# This is why we cannot have nice things...



## MaxC (Jun 26, 2020)

Today's victims were two besseae frma. flavums, a good clone of fischeri and an awarded Jason Fischer. 

Aside from a handful of my phrags eveything is on the chopping block until reaching a decent number of mature growths. 

Anyone that practices cutting spikes have noticeable impact they can share? 

I have heard of cutting spikes in the summer months to encourage fall and spring blooms. Can cutting spikes dramatically alter a bloom schedule or will the plants eventually go back on their schedule?


----------



## abax (Jun 26, 2020)

What happened Max?


----------



## MaxC (Jun 27, 2020)

Oh not a darn thing. Yesterday just happen to be a day that I cut multiple spikes. With my better plants, if it is less than 4+ healthy mature growths, it gets the spike cut. If it is a younger plant not on 3rd or 4th blooming, it gets spike cut. The real heartbreakers were my best besseae clones, but I should be rewarded in the coming years with large happy blooms to share.


----------



## Tony (Jun 27, 2020)

I did a big cut at the end of April, it makes sense to me that cutting would save some energy and get the growth cycle started early.


----------



## eds (Jun 27, 2020)

I can perhaps understand this practice for sequential bloomers but for all other slippers, once the flowers have developed, what is the cost to the plant? 

A single bloom paph has done all the hard work by then. Orchids don't produce much nectar so the only loss to the plant would be additional transpiration through the flower's surface, hardly a great cost if kept properly watered?

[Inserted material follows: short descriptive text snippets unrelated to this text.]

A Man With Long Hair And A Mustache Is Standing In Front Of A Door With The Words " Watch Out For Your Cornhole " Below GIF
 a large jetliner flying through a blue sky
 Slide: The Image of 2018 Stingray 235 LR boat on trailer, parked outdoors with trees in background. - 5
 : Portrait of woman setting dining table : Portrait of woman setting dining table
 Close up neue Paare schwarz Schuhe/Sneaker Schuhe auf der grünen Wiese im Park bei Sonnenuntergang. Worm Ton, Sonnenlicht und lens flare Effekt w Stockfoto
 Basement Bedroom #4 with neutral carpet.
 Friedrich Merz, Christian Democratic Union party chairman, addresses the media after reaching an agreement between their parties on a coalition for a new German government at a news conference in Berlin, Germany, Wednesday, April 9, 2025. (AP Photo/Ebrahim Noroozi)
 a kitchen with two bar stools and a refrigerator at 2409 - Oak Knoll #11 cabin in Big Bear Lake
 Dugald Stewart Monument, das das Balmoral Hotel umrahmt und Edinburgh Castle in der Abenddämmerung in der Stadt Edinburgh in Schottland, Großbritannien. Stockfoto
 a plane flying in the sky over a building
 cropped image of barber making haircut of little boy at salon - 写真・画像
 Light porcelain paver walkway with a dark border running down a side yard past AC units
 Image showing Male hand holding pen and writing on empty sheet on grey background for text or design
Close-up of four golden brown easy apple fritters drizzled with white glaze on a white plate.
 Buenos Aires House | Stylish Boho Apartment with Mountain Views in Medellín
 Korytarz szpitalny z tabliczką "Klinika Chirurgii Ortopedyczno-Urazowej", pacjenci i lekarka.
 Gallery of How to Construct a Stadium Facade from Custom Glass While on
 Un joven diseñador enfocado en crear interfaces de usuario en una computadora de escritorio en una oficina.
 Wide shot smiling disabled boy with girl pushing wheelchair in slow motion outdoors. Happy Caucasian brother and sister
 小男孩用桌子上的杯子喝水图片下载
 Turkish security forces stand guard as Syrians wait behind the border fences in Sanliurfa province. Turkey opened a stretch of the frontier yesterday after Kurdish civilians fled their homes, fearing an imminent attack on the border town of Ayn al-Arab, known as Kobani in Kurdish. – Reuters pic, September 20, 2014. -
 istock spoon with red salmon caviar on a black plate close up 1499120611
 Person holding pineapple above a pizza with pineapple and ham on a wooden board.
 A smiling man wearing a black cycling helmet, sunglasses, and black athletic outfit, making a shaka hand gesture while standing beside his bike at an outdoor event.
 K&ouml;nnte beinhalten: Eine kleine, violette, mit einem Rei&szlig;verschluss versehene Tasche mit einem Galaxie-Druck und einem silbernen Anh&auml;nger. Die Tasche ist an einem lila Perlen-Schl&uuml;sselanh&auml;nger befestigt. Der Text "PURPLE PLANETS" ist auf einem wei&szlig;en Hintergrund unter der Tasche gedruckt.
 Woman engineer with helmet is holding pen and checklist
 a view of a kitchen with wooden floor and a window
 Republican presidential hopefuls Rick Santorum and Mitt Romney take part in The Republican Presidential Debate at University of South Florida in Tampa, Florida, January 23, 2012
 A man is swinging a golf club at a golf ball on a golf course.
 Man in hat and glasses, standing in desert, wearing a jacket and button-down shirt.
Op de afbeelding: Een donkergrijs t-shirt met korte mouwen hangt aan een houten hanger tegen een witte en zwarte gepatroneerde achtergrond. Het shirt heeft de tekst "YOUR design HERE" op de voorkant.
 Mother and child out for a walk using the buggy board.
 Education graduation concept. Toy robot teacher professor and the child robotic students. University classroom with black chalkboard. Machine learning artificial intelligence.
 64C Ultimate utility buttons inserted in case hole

Perhaps cutting the bloom will trigger vegetative growth to start more quickly as the plant isn't holding resources back to grow seed? 

But apart from that I can't see physiologically why cutting a spike would save any energy - in fact I'm sure I've read threads where people have pollinated flowers to save plants affected by rot on here.


----------



## MaxC (Jun 27, 2020)

@eds what about energy for keeping a seedpod viable or would that be a nominal amount? I could see it making sense in the case of an accidental pollination, which would pull a bunch of enegery.

Almost all of my plants are sequentially blooming phrags. Even if I am letting a plant bloom I remove the ovary just in case of unintended pollination.


----------



## eds (Jun 27, 2020)

MaxC said:


> @eds what about energy for keeping a seedpod viable or would that be a nominal amount?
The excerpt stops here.